RECORDS SHOWN |
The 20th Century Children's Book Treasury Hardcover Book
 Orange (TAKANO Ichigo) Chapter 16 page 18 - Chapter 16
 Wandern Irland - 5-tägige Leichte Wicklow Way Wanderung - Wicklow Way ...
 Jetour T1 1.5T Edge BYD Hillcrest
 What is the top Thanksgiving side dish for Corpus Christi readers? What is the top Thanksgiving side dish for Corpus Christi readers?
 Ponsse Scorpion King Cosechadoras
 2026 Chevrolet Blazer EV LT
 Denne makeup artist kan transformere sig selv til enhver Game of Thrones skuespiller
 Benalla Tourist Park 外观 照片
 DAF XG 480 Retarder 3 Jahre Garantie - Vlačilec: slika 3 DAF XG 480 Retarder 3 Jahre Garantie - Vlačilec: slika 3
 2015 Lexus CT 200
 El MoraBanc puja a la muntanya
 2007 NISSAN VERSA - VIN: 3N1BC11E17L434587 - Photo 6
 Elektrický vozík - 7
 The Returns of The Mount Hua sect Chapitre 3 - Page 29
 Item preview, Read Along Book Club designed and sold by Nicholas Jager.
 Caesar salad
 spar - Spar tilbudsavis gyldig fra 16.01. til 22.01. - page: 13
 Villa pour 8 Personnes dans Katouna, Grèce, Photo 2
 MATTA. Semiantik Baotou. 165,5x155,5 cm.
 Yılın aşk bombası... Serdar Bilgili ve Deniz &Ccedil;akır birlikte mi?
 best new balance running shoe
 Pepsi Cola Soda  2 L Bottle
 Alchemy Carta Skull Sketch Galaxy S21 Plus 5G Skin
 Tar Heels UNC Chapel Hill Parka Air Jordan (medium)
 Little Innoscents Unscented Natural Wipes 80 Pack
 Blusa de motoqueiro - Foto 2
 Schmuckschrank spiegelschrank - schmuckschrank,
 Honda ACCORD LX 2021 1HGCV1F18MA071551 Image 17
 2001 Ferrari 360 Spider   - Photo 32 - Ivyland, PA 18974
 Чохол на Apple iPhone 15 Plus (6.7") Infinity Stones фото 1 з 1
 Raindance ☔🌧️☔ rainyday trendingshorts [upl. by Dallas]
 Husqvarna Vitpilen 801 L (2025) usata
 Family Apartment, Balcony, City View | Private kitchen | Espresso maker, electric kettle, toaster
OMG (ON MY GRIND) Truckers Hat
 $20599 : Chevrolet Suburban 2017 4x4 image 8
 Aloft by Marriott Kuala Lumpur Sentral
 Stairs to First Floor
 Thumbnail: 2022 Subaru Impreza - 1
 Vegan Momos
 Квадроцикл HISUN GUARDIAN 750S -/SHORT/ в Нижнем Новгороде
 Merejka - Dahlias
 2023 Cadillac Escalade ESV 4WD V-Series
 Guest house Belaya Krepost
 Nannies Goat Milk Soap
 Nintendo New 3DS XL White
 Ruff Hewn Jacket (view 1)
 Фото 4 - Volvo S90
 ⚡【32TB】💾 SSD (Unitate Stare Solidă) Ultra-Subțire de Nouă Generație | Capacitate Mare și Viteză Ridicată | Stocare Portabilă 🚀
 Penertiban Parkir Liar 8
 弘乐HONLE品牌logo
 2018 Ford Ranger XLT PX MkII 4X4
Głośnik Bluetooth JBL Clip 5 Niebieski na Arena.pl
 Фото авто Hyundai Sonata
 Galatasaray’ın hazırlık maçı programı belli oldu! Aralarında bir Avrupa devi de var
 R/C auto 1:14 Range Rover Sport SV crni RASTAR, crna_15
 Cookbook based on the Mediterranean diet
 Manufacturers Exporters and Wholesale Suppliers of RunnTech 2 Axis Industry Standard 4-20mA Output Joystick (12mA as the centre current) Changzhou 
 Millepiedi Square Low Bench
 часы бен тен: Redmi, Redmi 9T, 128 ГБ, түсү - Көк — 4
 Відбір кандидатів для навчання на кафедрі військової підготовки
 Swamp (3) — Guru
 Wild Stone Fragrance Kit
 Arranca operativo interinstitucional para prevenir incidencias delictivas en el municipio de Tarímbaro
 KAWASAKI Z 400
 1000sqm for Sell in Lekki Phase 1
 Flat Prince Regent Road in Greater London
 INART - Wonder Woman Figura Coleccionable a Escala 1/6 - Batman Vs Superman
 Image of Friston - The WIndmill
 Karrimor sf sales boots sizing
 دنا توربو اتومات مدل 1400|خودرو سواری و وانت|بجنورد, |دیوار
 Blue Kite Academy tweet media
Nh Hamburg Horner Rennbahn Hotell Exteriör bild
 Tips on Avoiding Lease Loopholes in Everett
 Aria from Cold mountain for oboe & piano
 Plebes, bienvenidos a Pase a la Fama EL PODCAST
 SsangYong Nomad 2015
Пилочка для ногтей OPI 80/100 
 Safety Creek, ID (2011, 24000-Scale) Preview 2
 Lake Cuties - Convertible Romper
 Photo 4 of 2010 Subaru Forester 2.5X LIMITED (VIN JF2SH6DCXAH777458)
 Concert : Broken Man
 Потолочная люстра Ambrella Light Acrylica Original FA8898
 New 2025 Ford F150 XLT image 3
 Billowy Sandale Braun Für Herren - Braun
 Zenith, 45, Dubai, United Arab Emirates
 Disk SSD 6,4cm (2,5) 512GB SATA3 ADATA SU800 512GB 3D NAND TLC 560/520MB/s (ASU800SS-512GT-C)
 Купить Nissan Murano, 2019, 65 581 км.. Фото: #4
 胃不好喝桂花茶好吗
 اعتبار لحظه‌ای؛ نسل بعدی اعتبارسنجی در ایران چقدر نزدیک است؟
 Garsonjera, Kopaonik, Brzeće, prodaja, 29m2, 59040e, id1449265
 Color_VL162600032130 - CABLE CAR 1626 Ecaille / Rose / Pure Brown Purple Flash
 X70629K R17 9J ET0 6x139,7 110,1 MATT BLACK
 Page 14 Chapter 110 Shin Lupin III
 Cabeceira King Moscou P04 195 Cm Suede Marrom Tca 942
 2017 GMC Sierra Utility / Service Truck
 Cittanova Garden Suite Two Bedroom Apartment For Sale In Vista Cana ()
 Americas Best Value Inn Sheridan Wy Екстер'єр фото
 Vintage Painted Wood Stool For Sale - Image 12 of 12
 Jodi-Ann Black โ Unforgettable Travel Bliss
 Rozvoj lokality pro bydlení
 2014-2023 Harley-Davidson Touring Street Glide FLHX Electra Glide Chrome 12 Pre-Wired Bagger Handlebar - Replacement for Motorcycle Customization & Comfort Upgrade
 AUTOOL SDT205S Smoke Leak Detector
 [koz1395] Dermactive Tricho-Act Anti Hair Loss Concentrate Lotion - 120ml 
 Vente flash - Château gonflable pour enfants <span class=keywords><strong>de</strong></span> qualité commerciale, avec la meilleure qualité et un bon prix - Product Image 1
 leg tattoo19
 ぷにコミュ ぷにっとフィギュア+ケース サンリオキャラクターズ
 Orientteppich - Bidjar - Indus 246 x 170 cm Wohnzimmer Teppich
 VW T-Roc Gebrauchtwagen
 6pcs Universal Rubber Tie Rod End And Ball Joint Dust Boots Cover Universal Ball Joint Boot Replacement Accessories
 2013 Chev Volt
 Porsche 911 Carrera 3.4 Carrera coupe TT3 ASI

DIRECTIONS FOR THIS TASK |
Transcribe the data exactly.

RESULT OF THE EXERCISE |
The 20th Century Children's Book Treasury Hardcover Book
 Orange (TAKANO Ichigo) Chapter 16 page 18 - Chapter 16
 Wandern Irland - 5-tägige Leichte Wicklow Way Wanderung - Wicklow Way ...
 Jetour T1 1.5T Edge BYD Hillcrest
 What is the top Thanksgiving side dish for Corpus Christi readers? What is the top Thanksgiving side dish for Corpus Christi readers?
 Ponsse Scorpion King Cosechadoras
 2026 Chevrolet Blazer EV LT
 Denne makeup artist kan transformere sig selv til enhver Game of Thrones skuespiller
 Benalla Tourist Park 外观 照片
 DAF XG 480 Retarder 3 Jahre Garantie - Vlačilec: slika 3 DAF XG 480 Retarder 3 Jahre Garantie - Vlačilec: slika 3
 2015 Lexus CT 200
 El MoraBanc puja a la muntanya
 2007 NISSAN VERSA - VIN: 3N1BC11E17L434587 - Photo 6
 Elektrický vozík - 7
 The Returns of The Mount Hua sect Chapitre 3 - Page 29
 Item preview, Read Along Book Club designed and sold by Nicholas Jager.
 Caesar salad
 spar - Spar tilbudsavis gyldig fra 16.01. til 22.01. - page: 13
 Villa pour 8 Personnes dans Katouna, Grèce, Photo 2
 MATTA. Semiantik Baotou. 165,5x155,5 cm.
 Yılın aşk bombası... Serdar Bilgili ve Deniz &Ccedil;akır birlikte mi?
 best new balance running shoe
 Pepsi Cola Soda  2 L Bottle
 Alchemy Carta Skull Sketch Galaxy S21 Plus 5G Skin
 Tar Heels UNC Chapel Hill Parka Air Jordan (medium)
 Little Innoscents Unscented Natural Wipes 80 Pack
 Blusa de motoqueiro - Foto 2
 Schmuckschrank spiegelschrank - schmuckschrank,
 Honda ACCORD LX 2021 1HGCV1F18MA071551 Image 17
 2001 Ferrari 360 Spider   - Photo 32 - Ivyland, PA 18974
 Чохол на Apple iPhone 15 Plus (6.7") Infinity Stones фото 1 з 1
 Raindance ☔🌧️☔ rainyday trendingshorts [upl. by Dallas]
 Husqvarna Vitpilen 801 L (2025) usata
 Family Apartment, Balcony, City View | Private kitchen | Espresso maker, electric kettle, toaster
OMG (ON MY GRIND) Truckers Hat
 $20599 : Chevrolet Suburban 2017 4x4 image 8
 Aloft by Marriott Kuala Lumpur Sentral
 Stairs to First Floor
 Thumbnail: 2022 Subaru Impreza - 1
 Vegan Momos
 Квадроцикл HISUN GUARDIAN 750S -/SHORT/ в Нижнем Новгороде
 Merejka - Dahlias
 2023 Cadillac Escalade ESV 4WD V-Series
 Guest house Belaya Krepost
 Nannies Goat Milk Soap
 Nintendo New 3DS XL White
 Ruff Hewn Jacket (view 1)
 Фото 4 - Volvo S90
 ⚡【32TB】💾 SSD (Unitate Stare Solidă) Ultra-Subțire de Nouă Generație | Capacitate Mare și Viteză Ridicată | Stocare Portabilă 🚀
 Penertiban Parkir Liar 8
 弘乐HONLE品牌logo
 2018 Ford Ranger XLT PX MkII 4X4
Głośnik Bluetooth JBL Clip 5 Niebieski na Arena.pl
 Фото авто Hyundai Sonata
 Galatasaray’ın hazırlık maçı programı belli oldu! Aralarında bir Avrupa devi de var
 R/C auto 1:14 Range Rover Sport SV crni RASTAR, crna_15
 Cookbook based on the Mediterranean diet
 Manufacturers Exporters and Wholesale Suppliers of RunnTech 2 Axis Industry Standard 4-20mA Output Joystick (12mA as the centre current) Changzhou 
 Millepiedi Square Low Bench
 часы бен тен: Redmi, Redmi 9T, 128 ГБ, түсү - Көк — 4
 Відбір кандидатів для навчання на кафедрі військової підготовки
 Swamp (3) — Guru
 Wild Stone Fragrance Kit
 Arranca operativo interinstitucional para prevenir incidencias delictivas en el municipio de Tarímbaro
 KAWASAKI Z 400
 1000sqm for Sell in Lekki Phase 1
 Flat Prince Regent Road in Greater London
 INART - Wonder Woman Figura Coleccionable a Escala 1/6 - Batman Vs Superman
 Image of Friston - The WIndmill
 Karrimor sf sales boots sizing
 دنا توربو اتومات مدل 1400|خودرو سواری و وانت|بجنورد, |دیوار
 Blue Kite Academy tweet media
Nh Hamburg Horner Rennbahn Hotell Exteriör bild
 Tips on Avoiding Lease Loopholes in Everett
 Aria from Cold mountain for oboe & piano
 Plebes, bienvenidos a Pase a la Fama EL PODCAST
 SsangYong Nomad 2015
Пилочка для ногтей OPI 80/100 
 Safety Creek, ID (2011, 24000-Scale) Preview 2
 Lake Cuties - Convertible Romper
 Photo 4 of 2010 Subaru Forester 2.5X LIMITED (VIN JF2SH6DCXAH777458)
 Concert : Broken Man
 Потолочная люстра Ambrella Light Acrylica Original FA8898
 New 2025 Ford F150 XLT image 3
 Billowy Sandale Braun Für Herren - Braun
 Zenith, 45, Dubai, United Arab Emirates
 Disk SSD 6,4cm (2,5) 512GB SATA3 ADATA SU800 512GB 3D NAND TLC 560/520MB/s (ASU800SS-512GT-C)
 Купить Nissan Murano, 2019, 65 581 км.. Фото: #4
 胃不好喝桂花茶好吗
 اعتبار لحظه‌ای؛ نسل بعدی اعتبارسنجی در ایران چقدر نزدیک است؟
 Garsonjera, Kopaonik, Brzeće, prodaja, 29m2, 59040e, id1449265
 Color_VL162600032130 - CABLE CAR 1626 Ecaille / Rose / Pure Brown Purple Flash
 X70629K R17 9J ET0 6x139,7 110,1 MATT BLACK
 Page 14 Chapter 110 Shin Lupin III
 Cabeceira King Moscou P04 195 Cm Suede Marrom Tca 942
 2017 GMC Sierra Utility / Service Truck
 Cittanova Garden Suite Two Bedroom Apartment For Sale In Vista Cana ()
 Americas Best Value Inn Sheridan Wy Екстер'єр фото
 Vintage Painted Wood Stool For Sale - Image 12 of 12
 Jodi-Ann Black โ Unforgettable Travel Bliss
 Rozvoj lokality pro bydlení
 2014-2023 Harley-Davidson Touring Street Glide FLHX Electra Glide Chrome 12 Pre-Wired Bagger Handlebar - Replacement for Motorcycle Customization & Comfort Upgrade
 AUTOOL SDT205S Smoke Leak Detector
 [koz1395] Dermactive Tricho-Act Anti Hair Loss Concentrate Lotion - 120ml 
 Vente flash - Château gonflable pour enfants <span class=keywords><strong>de</strong></span> qualité commerciale, avec la meilleure qualité et un bon prix - Product Image 1
 leg tattoo19
 ぷにコミュ ぷにっとフィギュア+ケース サンリオキャラクターズ
 Orientteppich - Bidjar - Indus 246 x 170 cm Wohnzimmer Teppich
 VW T-Roc Gebrauchtwagen
 6pcs Universal Rubber Tie Rod End And Ball Joint Dust Boots Cover Universal Ball Joint Boot Replacement Accessories
 2013 Chev Volt
 Porsche 911 Carrera 3.4 Carrera coupe TT3 ASI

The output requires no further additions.